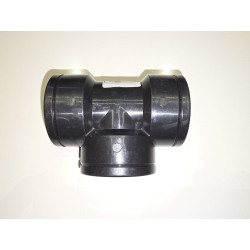 Té Taraudé PP Noir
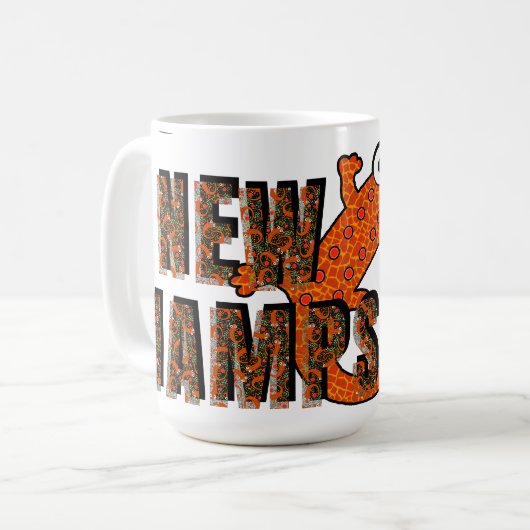 Mug New Hampshire State Symbol Red Spotted Newt Forest (Devant gauche)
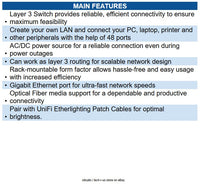 Ubiquiti Networks USW-PRO-MAX-48-POE 48-Port Layer 3 Etherlighting Switch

--

THE TASK: For the material above, repeat each line exactly and leave out the pictures.

RESPONSE TO THE TASK:
 Té Taraudé PP Noir
 Mug New Hampshire State Symbol Red Spotted Newt Forest (Devant gauche)
 Ubiquiti Networks USW-PRO-MAX-48-POE 48-Port Layer 3 Etherlighting Switch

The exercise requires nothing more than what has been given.